> **WHAT YOU ARE ASKED TO DO**
From the line containing "Gartenhaus - Gartenschuppen" down to the line containing "J-Line barkruk Rond - hout - wit - medium", copy out the entries below exactly, both lines included, and nothing else; pictures do not belong in the copy.

> **INPUT DATA**
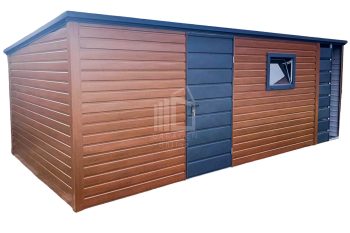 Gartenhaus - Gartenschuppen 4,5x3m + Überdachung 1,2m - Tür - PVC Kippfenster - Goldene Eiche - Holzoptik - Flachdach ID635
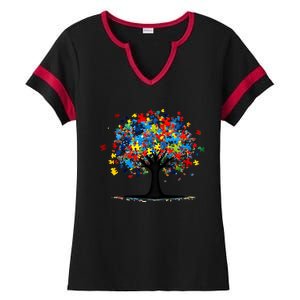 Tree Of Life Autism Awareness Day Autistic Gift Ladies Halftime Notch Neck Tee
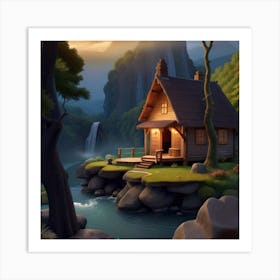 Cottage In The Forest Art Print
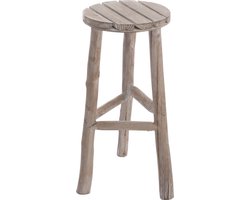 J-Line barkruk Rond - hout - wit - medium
--
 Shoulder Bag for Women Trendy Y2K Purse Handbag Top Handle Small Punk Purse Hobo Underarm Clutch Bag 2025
* * *
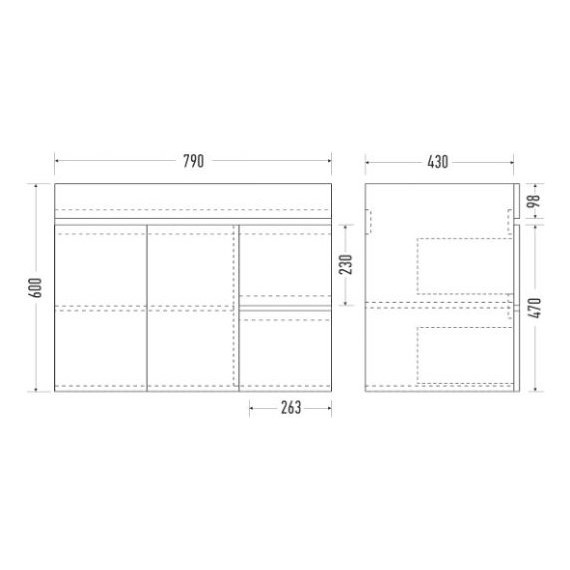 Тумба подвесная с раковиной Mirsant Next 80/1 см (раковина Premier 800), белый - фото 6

> **FINAL ANSWER**
 Gartenhaus - Gartenschuppen 4,5x3m + Überdachung 1,2m - Tür - PVC Kippfenster - Goldene Eiche - Holzoptik - Flachdach ID635
 Tree Of Life Autism Awareness Day Autistic Gift Ladies Halftime Notch Neck Tee
 Cottage In The Forest Art Print
 J-Line barkruk Rond - hout - wit - medium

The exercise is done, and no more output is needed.